▶ [AIM OF THE TASK]
Starting at the line that contains "김동연 경기도지사가 지난", quote every line through the end of the entries, word for word, skipping the pictures.

[Entries taken from a collection]
□ □ □ □

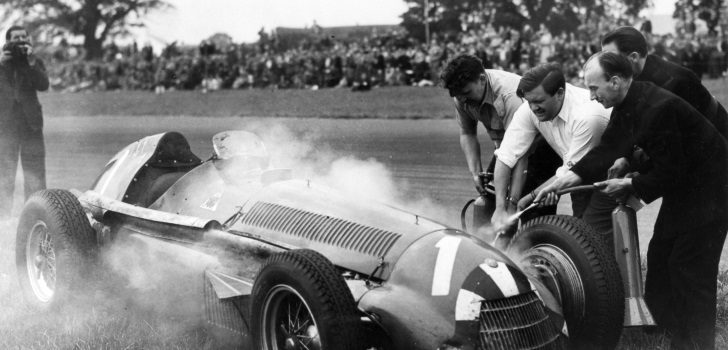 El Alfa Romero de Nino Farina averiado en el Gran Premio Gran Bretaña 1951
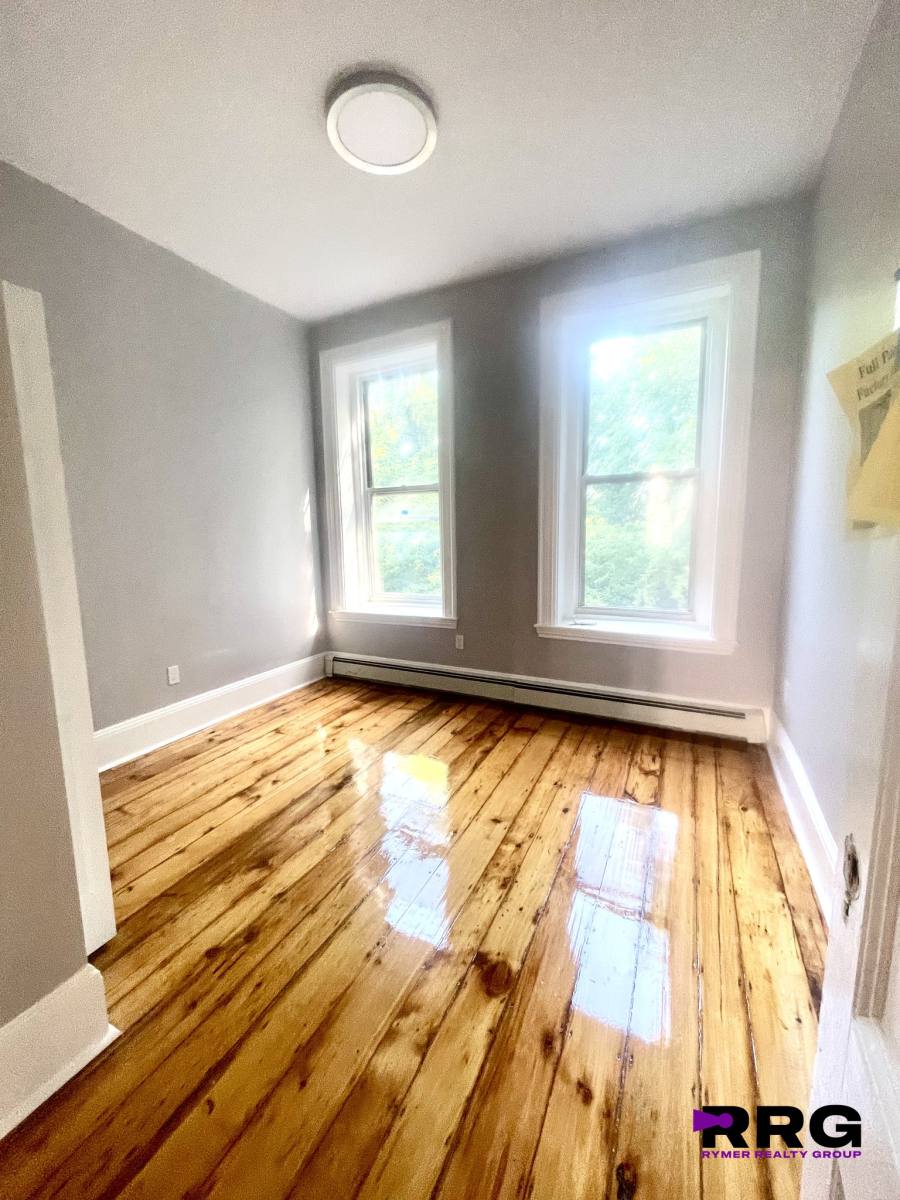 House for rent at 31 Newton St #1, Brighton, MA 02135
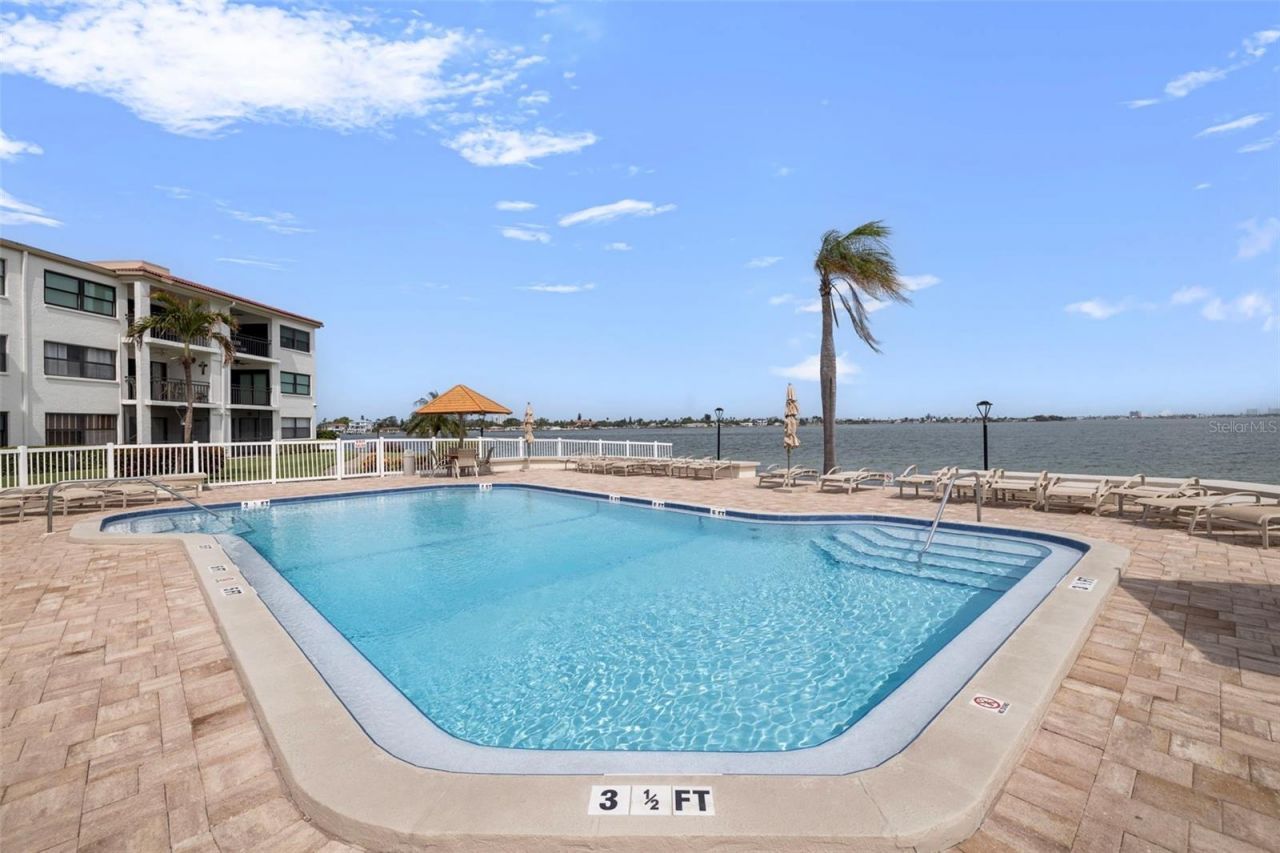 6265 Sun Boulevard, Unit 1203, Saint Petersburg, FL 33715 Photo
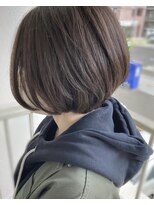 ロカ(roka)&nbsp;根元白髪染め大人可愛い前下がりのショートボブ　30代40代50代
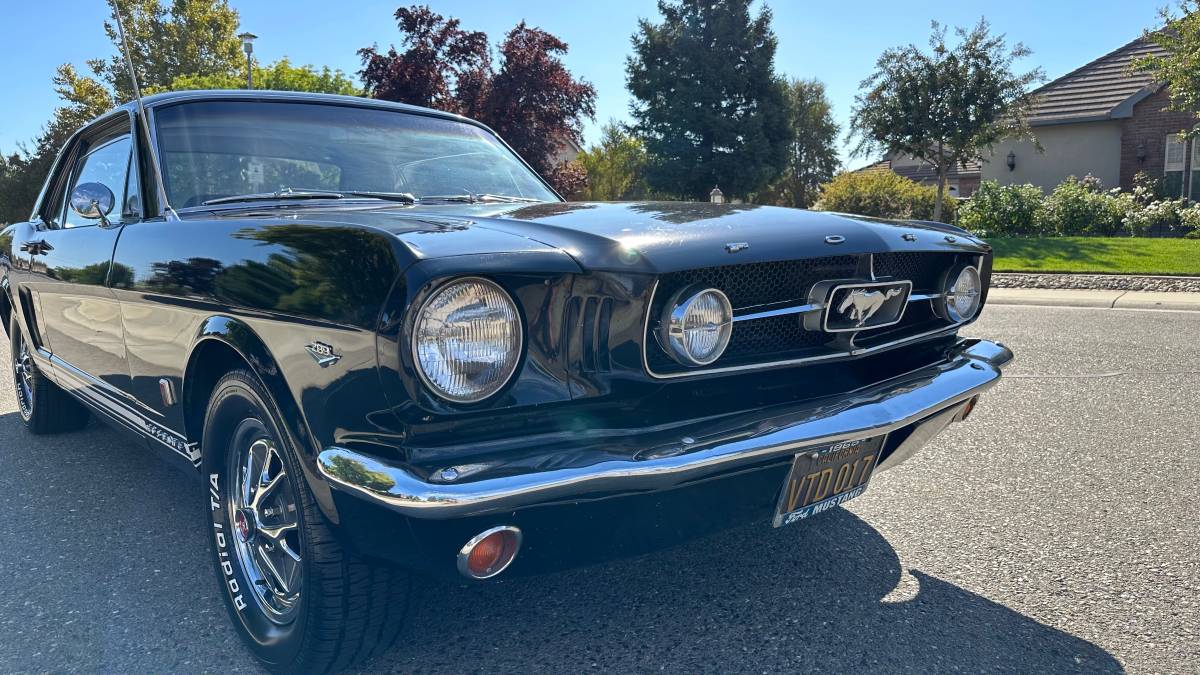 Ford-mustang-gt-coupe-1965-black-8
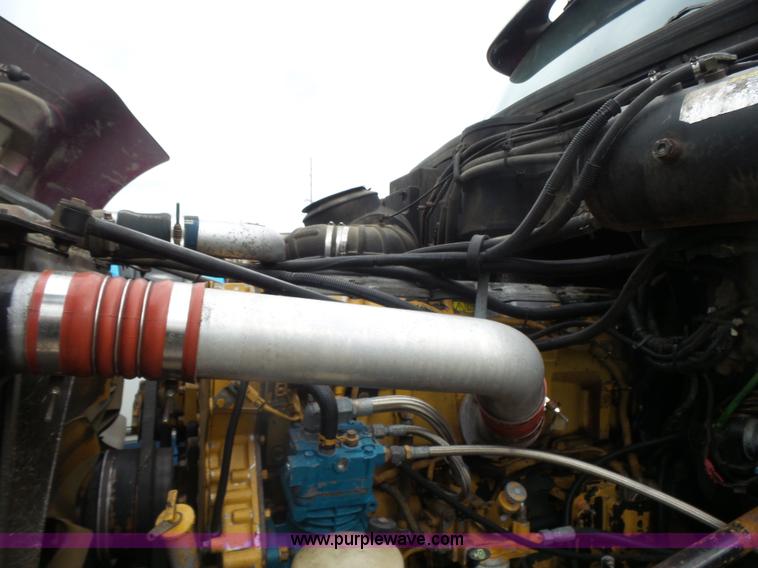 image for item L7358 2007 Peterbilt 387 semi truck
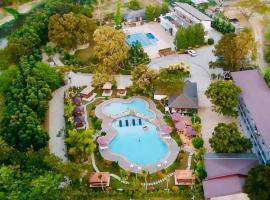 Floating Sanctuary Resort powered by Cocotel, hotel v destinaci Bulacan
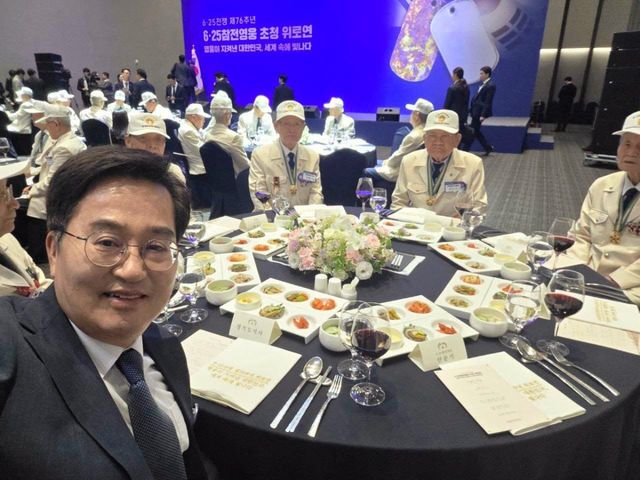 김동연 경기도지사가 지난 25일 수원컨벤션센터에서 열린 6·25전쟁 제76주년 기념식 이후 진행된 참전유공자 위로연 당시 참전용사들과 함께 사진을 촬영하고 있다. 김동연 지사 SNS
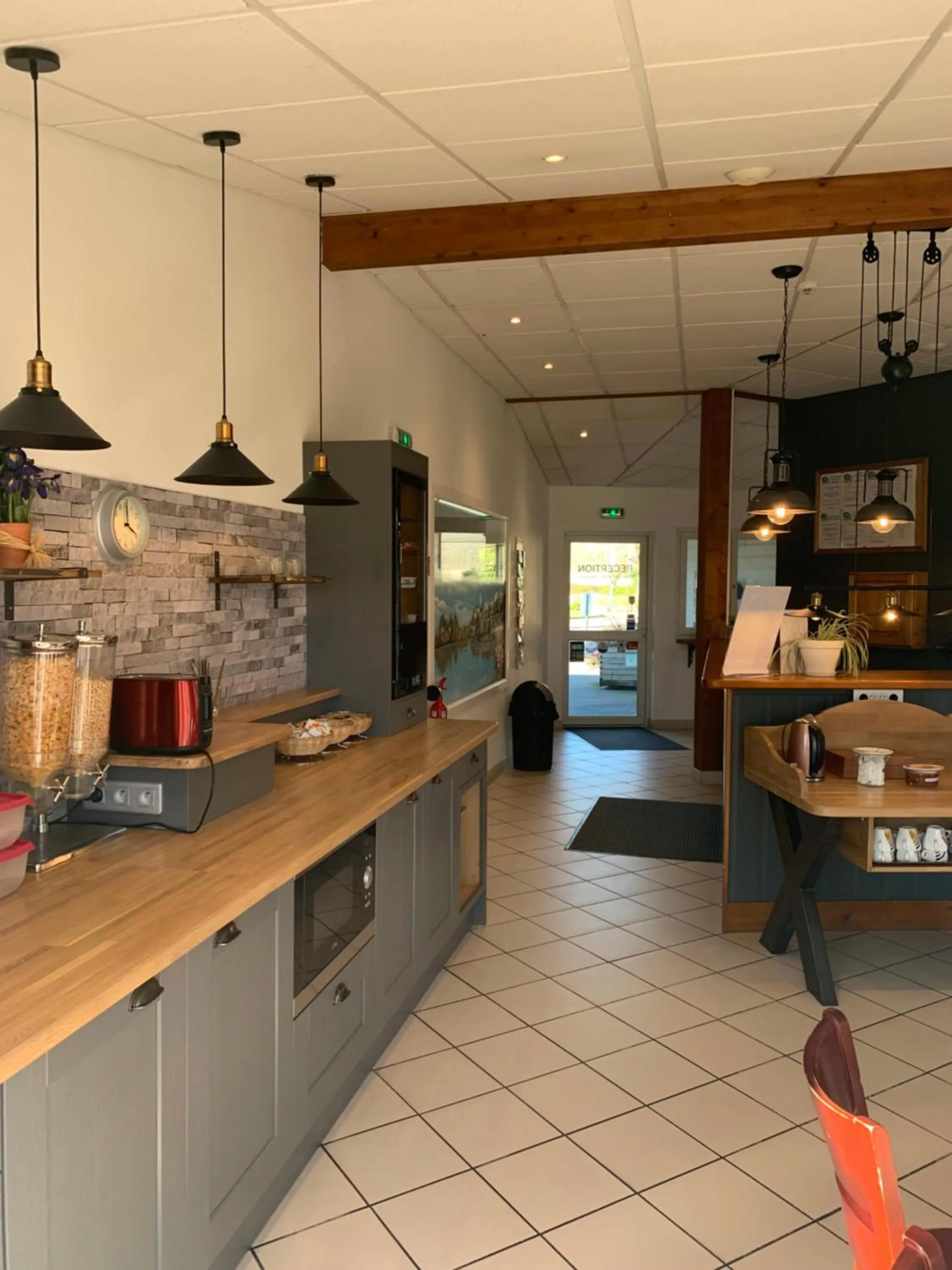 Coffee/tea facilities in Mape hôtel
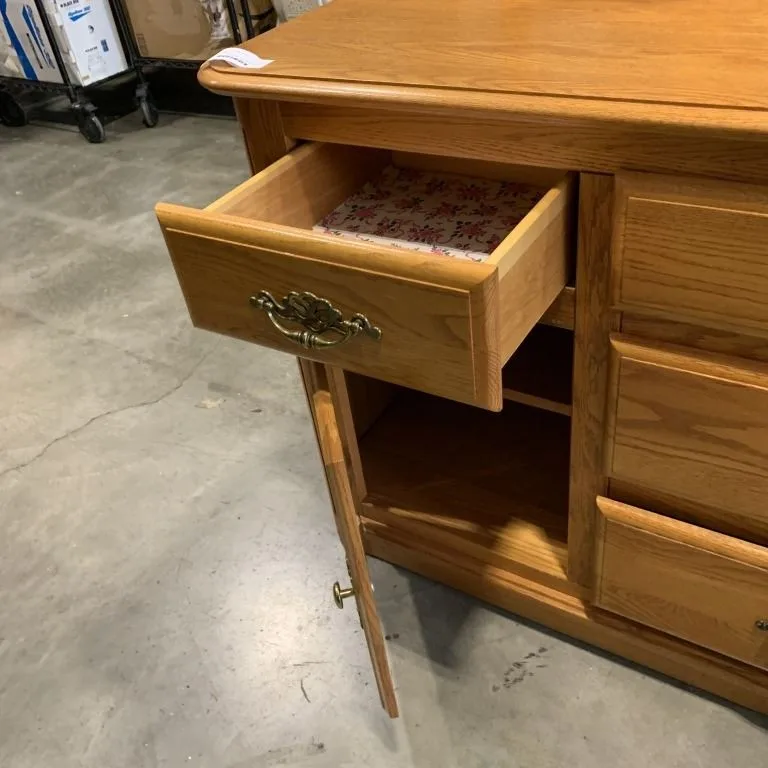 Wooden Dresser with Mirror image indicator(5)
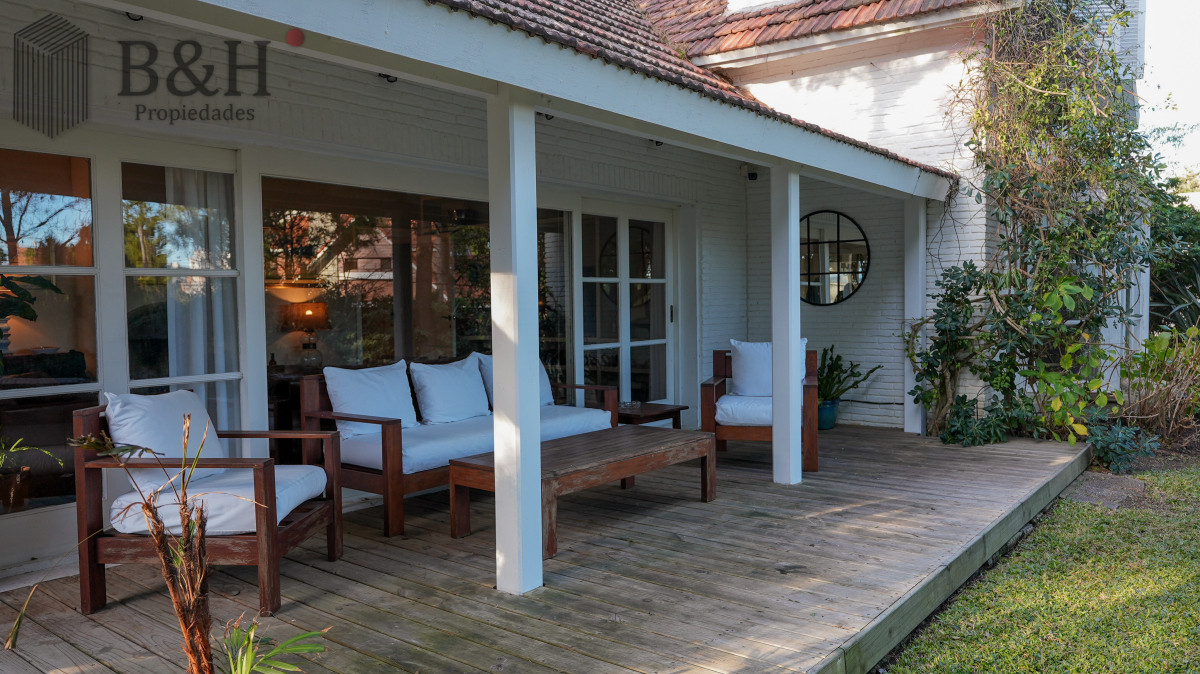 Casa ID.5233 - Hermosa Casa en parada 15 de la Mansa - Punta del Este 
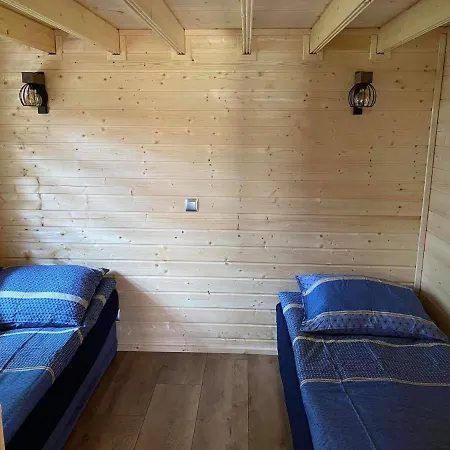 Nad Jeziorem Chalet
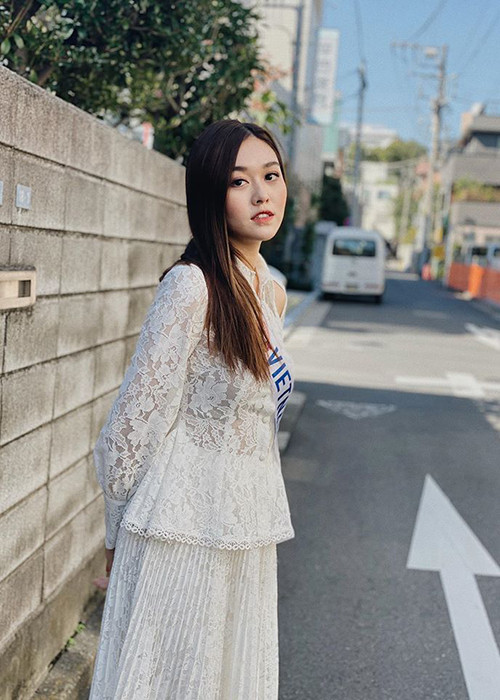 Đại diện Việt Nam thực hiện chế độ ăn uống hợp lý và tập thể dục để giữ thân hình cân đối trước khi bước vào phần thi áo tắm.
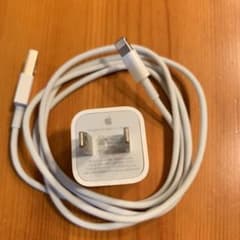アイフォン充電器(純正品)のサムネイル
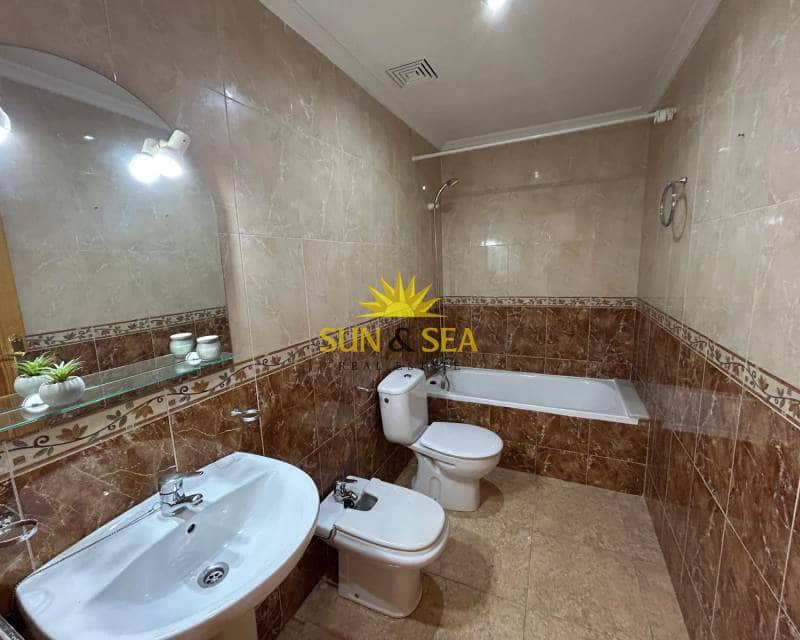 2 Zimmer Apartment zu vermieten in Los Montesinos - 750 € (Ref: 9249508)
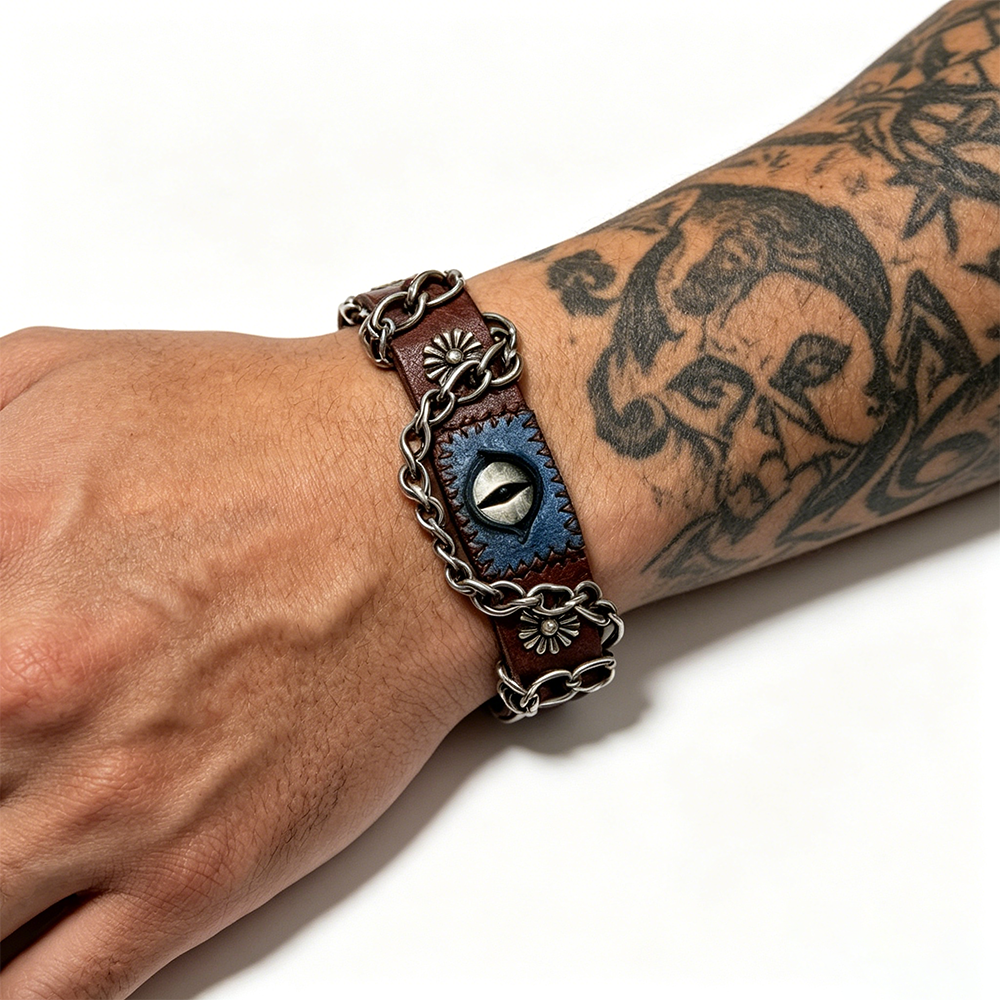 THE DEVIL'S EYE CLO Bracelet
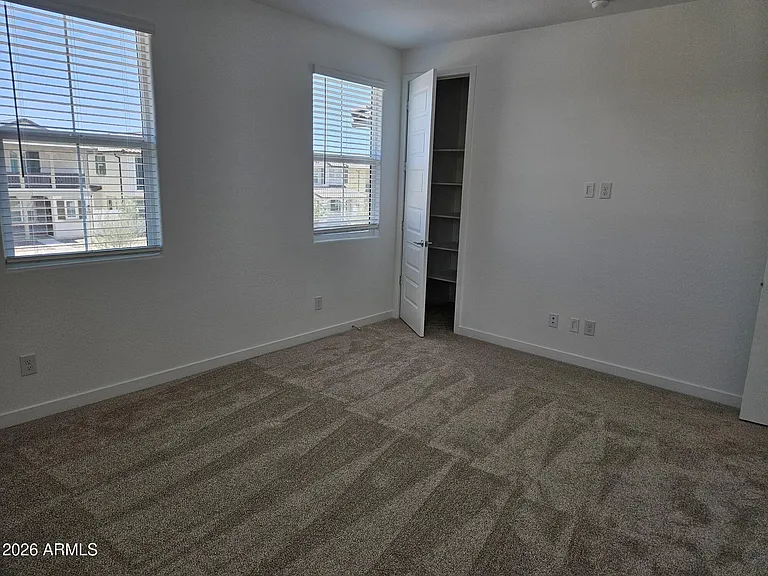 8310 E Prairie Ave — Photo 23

□ □ □ □

▶ [SOLUTION TO THE PROBLEM]
 김동연 경기도지사가 지난 25일 수원컨벤션센터에서 열린 6·25전쟁 제76주년 기념식 이후 진행된 참전유공자 위로연 당시 참전용사들과 함께 사진을 촬영하고 있다. 김동연 지사 SNS
 Coffee/tea facilities in Mape hôtel
 Wooden Dresser with Mirror image indicator(5)
 Casa ID.5233 - Hermosa Casa en parada 15 de la Mansa - Punta del Este 
 Nad Jeziorem Chalet
 Đại diện Việt Nam thực hiện chế độ ăn uống hợp lý và tập thể dục để giữ thân hình cân đối trước khi bước vào phần thi áo tắm.
アイフォン充電器(純正品)のサムネイル
 2 Zimmer Apartment zu vermieten in Los Montesinos - 750 € (Ref: 9249508)
 THE DEVIL'S EYE CLO Bracelet
 8310 E Prairie Ave — Photo 23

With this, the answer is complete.